La pauvre n'est pas gâtée car Lui est tout de même un tue-l'amour sur pattes. Ce look et ce langage surannés, cette voix aiguë... pas vraiment James Dean notre Moullet ! Il y a bien tout de même rapports puisqu'elle tombe enceinte. A son retour d'Angleterre où elle s'est fait avorter, une scène savoureuse : elle raconte une histoire pleine de péripéties, totalement déjantée, avant que lui ne réplique par une autre à la hauteur, une sombre histoire de chèque qui lui a été adressé par erreur (l'histoire est authentique, mais elle est arrivée à la société de Moullet, à qui un gros chèque a été envoyé par confusion avec une autre entreprise : Moullet a encaissé le chèque... mais a dû restituer l'argent).
Finalement, puisque la fusion des corps ne fonctionne pas vraiment, pourquoi ne pas la jouer ? Les deux ont l'idée assez malicieuse de faire un film porno.

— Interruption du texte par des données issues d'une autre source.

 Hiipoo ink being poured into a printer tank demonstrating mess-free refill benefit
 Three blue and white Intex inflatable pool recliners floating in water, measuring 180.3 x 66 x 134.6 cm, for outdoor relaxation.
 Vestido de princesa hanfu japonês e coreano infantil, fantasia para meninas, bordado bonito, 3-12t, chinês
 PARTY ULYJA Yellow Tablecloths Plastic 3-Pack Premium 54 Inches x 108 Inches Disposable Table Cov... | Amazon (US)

Mais le porno ne met pas vraiment les femmes à l'honneur, Elle crie donc "coupez !", ce qui déclenche le mot Fin. Très drôle. Mais cette fin ne convient pas à Antonietta Pizzorno, qui cosigne le film avec Moullet, son homme à la ville. On assiste donc, en épilogue, à leurs débats, que Elle et Lui traduisent à l'écran. Les deux personnages s'éloignent de plus en plus à mesure que la caméra avance, on ne voit plus que leurs nez à la fin : une très jolie idée.

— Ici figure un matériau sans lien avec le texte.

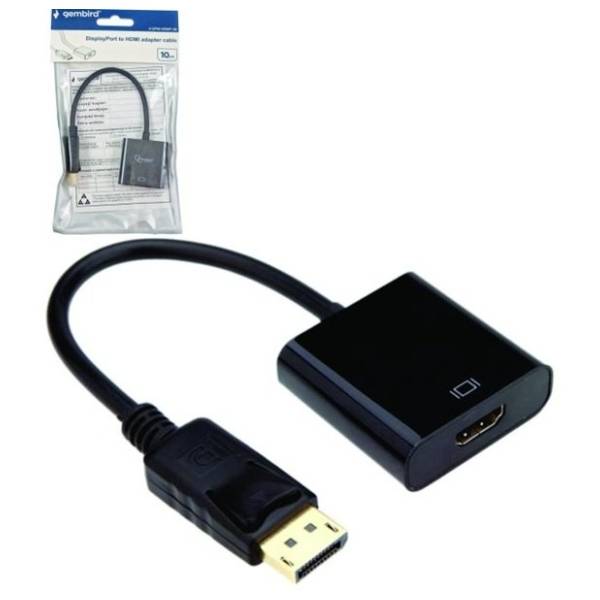 GEMBIRD konverter DisplayPort (m) na HDMI (ž) (A-DPM-HDMIF-002) crni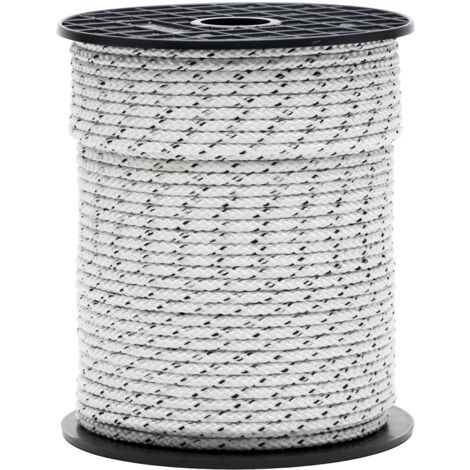 Flandria 424L Bobina di Drizza in poliammide con anima lanciatore Ø 4 mm x 100 m, Bianco/Nero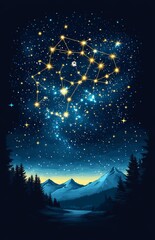 Wall Mural - a serene and peaceful painting depicting a starry night sky with a prominent star at its center, fea
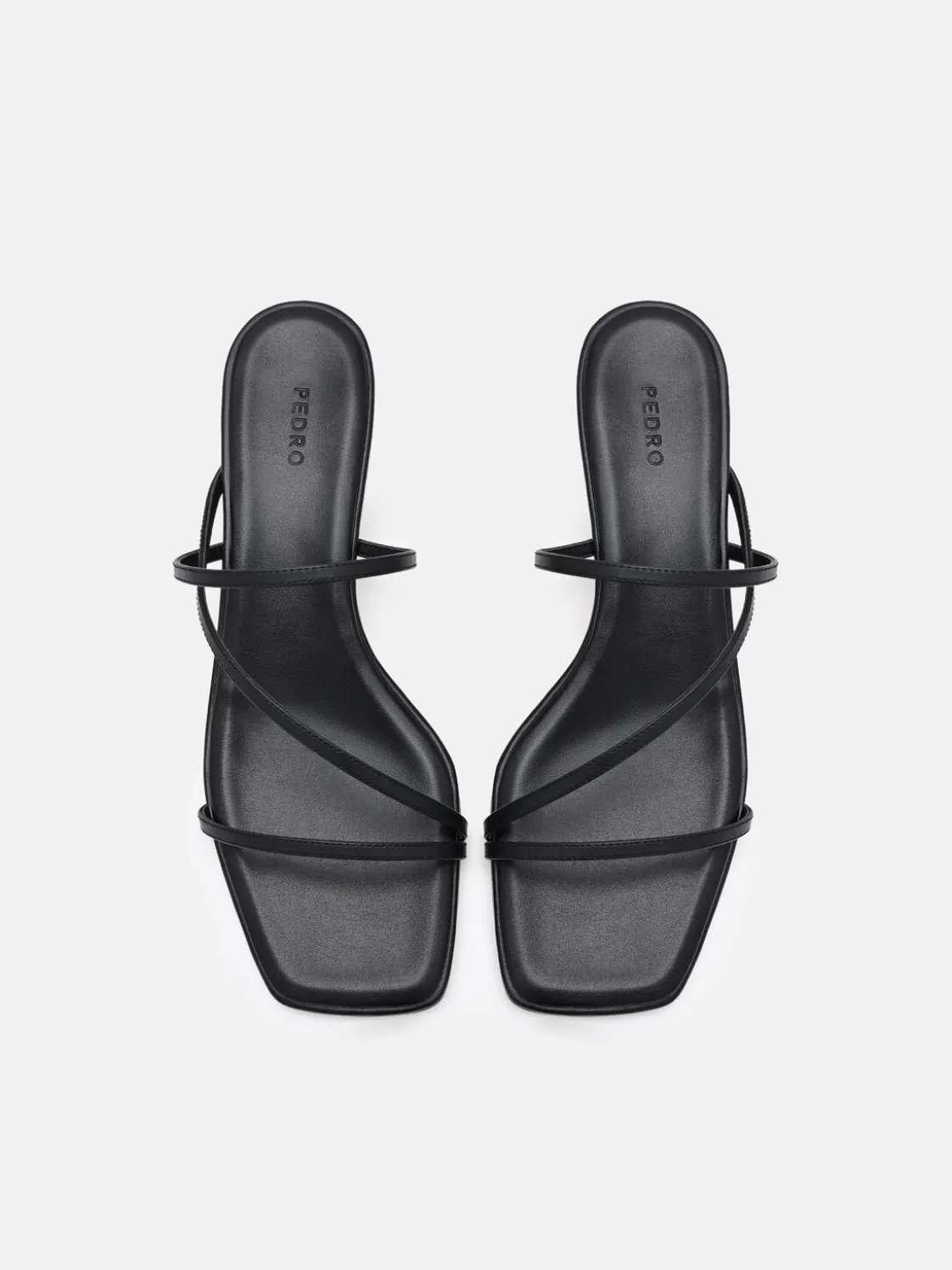 Erna Leather Heel Sandals - Black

Comme il y en a malheureusement trop peu dans ce film : j'avais été fort séduit par Brigitte et Brigitte, riches d'astuces et de trouvailles. Ce film-là est bien plus pauvre. Il a le mérite de briser des tabous, de mettre "les pieds dans le plat", ce n'est pas mince, certes, mais cinématographiquement Anatomie d'un rapport reste une assez petite chose. Sympathique, mais manquant un peu de souffle. Et puis il faut supporter le jeu faux de Moullet, les moments où les acteurs accrochent sur le texte, même si dans l'épilogue Christine Hébert déclare qu'elle ne voit pas pourquoi les acteurs devraient jouer toujours juste ! Bien dans l'esprit de cet espiègle de Moullet qui n'aime rien tant que casser les codes. Indéniablement, cet objectif-là est atteint.